The recent MarkLogic World London event (June 13th-15th, 2016) had several sessions either devoted to or relating to text analytics and text mining. Increasingly, MarkLogic customers are using these tools to improve productivity and to reduce manual processing. One of the most interesting presentations was from KPMG, who presented a solution they have built for automating many aspects of financial compliance, using machine-learning tools for concept extraction and manipulation.
Michael Henry, who gave a witty and entertaining talk, had a lovely term for the current state of financial compliance as carried out by humans: “stare and compare”. Basically, a lot of humans have to stare at a lot of documents and compare them to other documents, for compliance to be achieved. Compliance tools have been increasingly required in the past few years, as we all know, and for banks, compliance costs have now reached in some cases 20% of their net revenue (up from a single-figure percentage a few years ago). Typical compliance requirements for wealth management include:
KYC = know your customer
AML = anti money-laundering
NNC = negative news checking
A typical requirement for a bank today is for the regulator to require that the bank checks all 200,000 of its existing customers for a KYC check, within the next 12 months. Banks carry out this kind of checking by a manual read of relevant documents, such as mortgage applications. Information that is considered relevant is then copied by hand to a compliance register. This highly manual (and deeply unexciting) task, the “stare and compare”, is typically carried out by large teams of offshore agents. Not surprisingly, the staff turnover in these teams is very high; nobody wants to do such work.
Instead, KPMG introduced a more automated process. Using a combination of a MarkLogic database, some OCR tools and a content enrichment framework with semantic tools to infer conclusions with a stated confidence score, the new system was able to reduce the human input by 80%. The remaining 20% of the time is taken up by humans checking the issues that still remain when the automatic system has done its work. So successful has this operation been that KPMG are now supplying this compliance automation tool to 14 banks in the US. Remarkably, the new system has provided several advantages in addition to reducing costs. A much greater number of compliance checks are now run on the captured documents than was ever possible before. When the regulations change, all the documents can be checked again against the new criteria. Finally, the number of errors inherent in a large-scale manual checking process has been reduced (ask any human to carry out a very repetitive task for long enough and they start to make mistakes)
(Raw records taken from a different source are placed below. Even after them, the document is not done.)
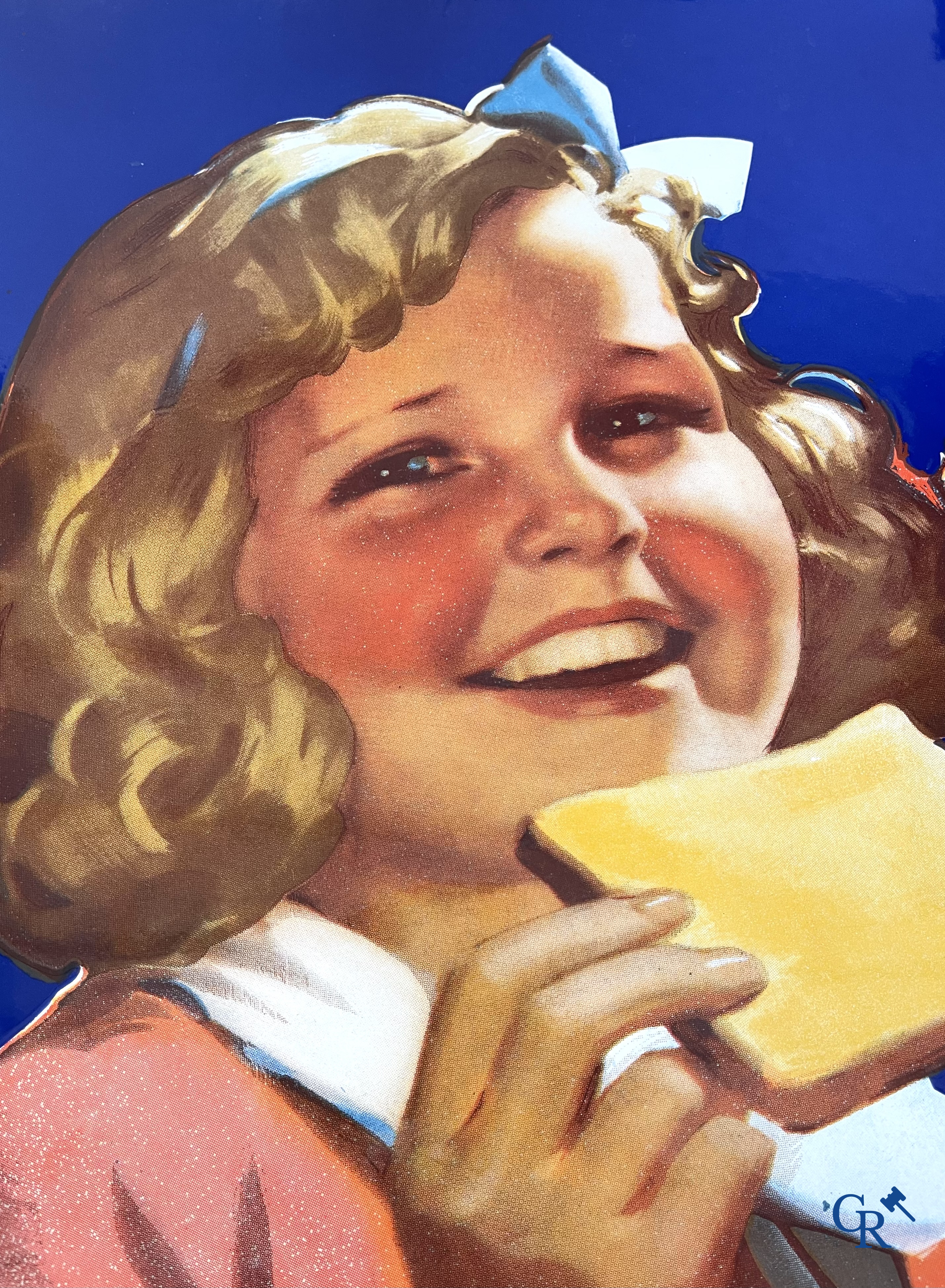 Solo, rend tout plus savoureux. Nice enamel advertising sign for Solo Margarine. Emaillerie Belge 1952.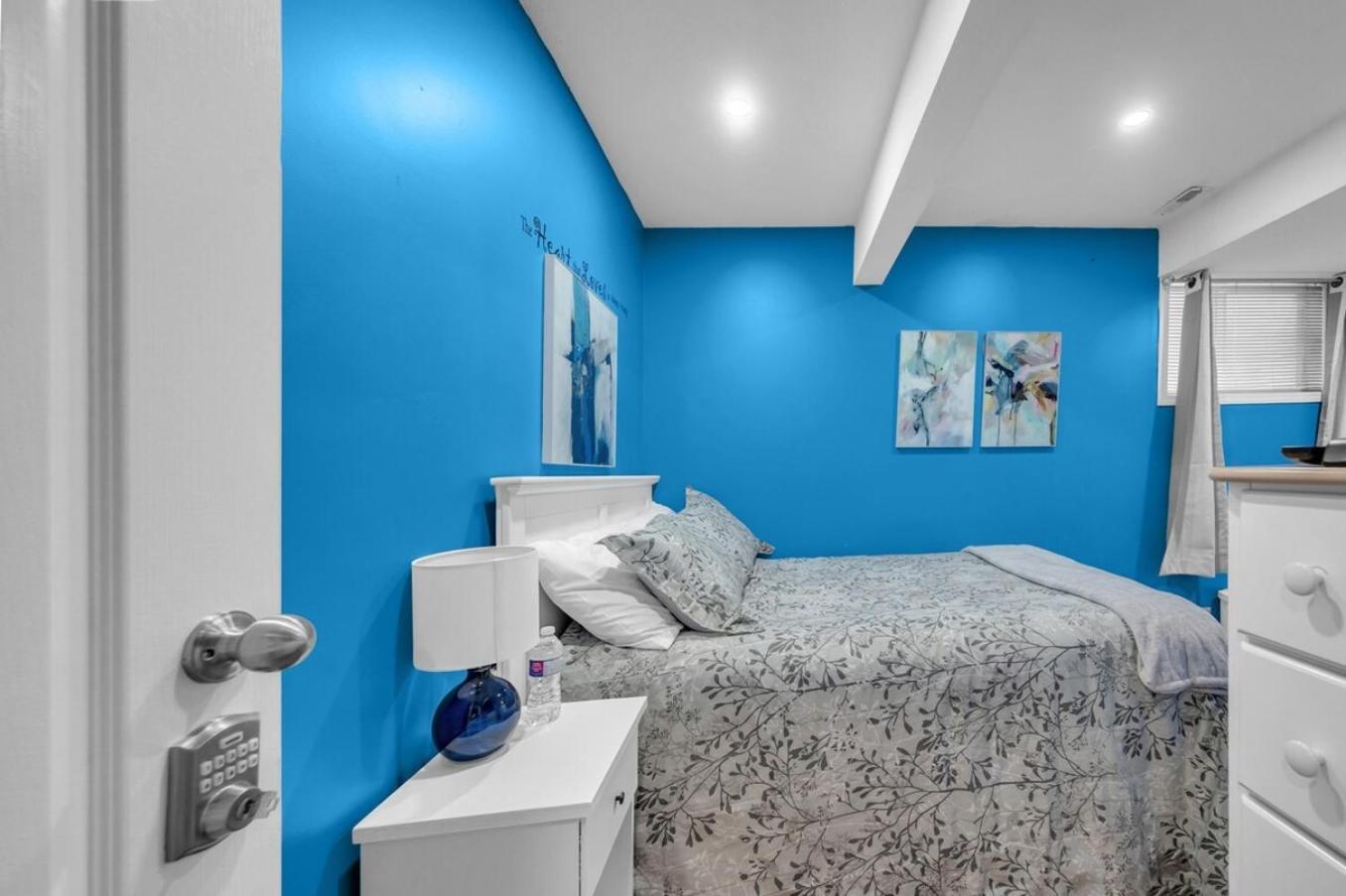 52-3 Bed Suite On Lake Central Ac By Airport YYC 외부 사진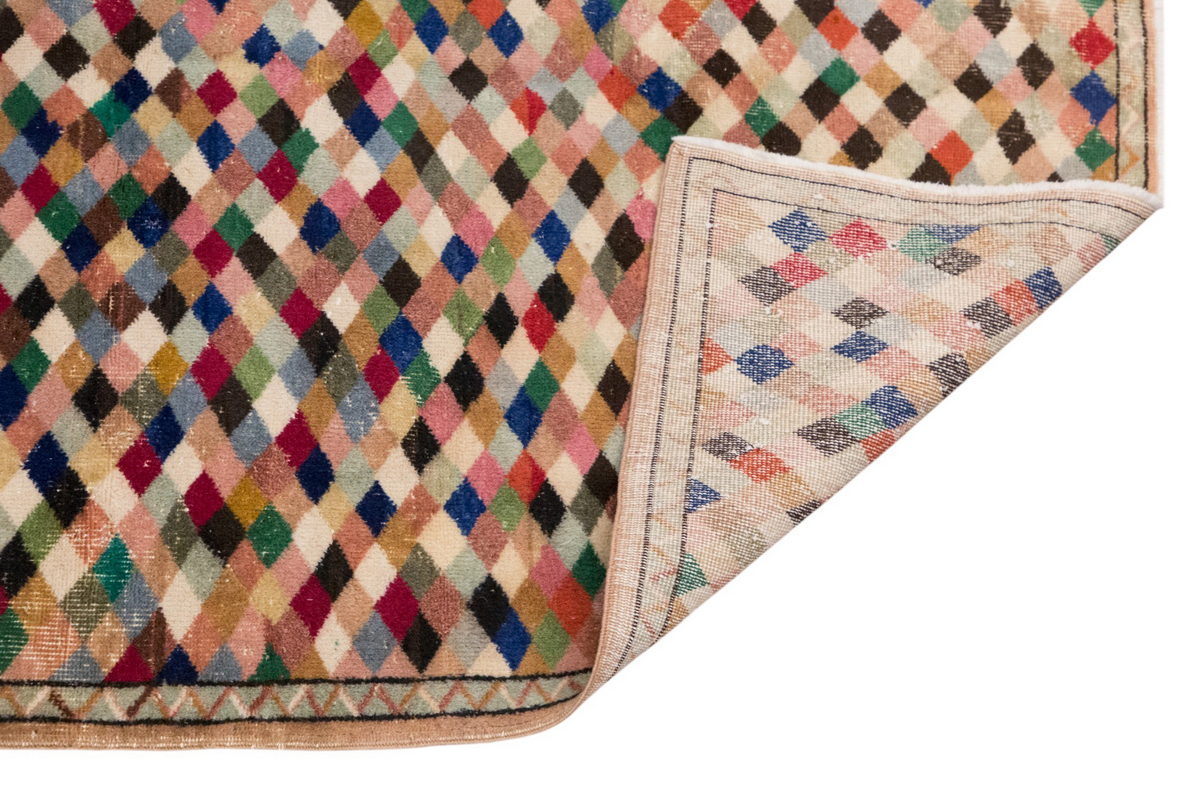 Vintage Turkish Oushak Rug, 4'4 x 7'7 feet / 132 x 230 cm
The principles that KPMG followed are to a large extent applicable to any text analytics process, such as extracting concepts from academic content:
1. Collect data only once, if possible, by ingesting unstructured documents into machine-readable form. Remove people from the digitisation process as far as possible (which means restate your criteria in a format that a machine can validate).
2. Run the documents past a content enrichment framework (avoiding the “stare and compare”).
Publishers are not involved for the most part in financial compliance, but any objective assessment of the publisher workflow reveals many areas of extensive human input, including indexing and tagging, and much of this could be fully or largely replaced by automated solutions – not least from UNSILO. Many people in the audience were surprised that such a sensitive area as compliance could be handled via automated tools; yet it was clear that the results were better than the original, fully manual, operation. Financial compliance is yet another example of the application of text analytics to a host of areas that were considered until a few years ago to be requiring human curation.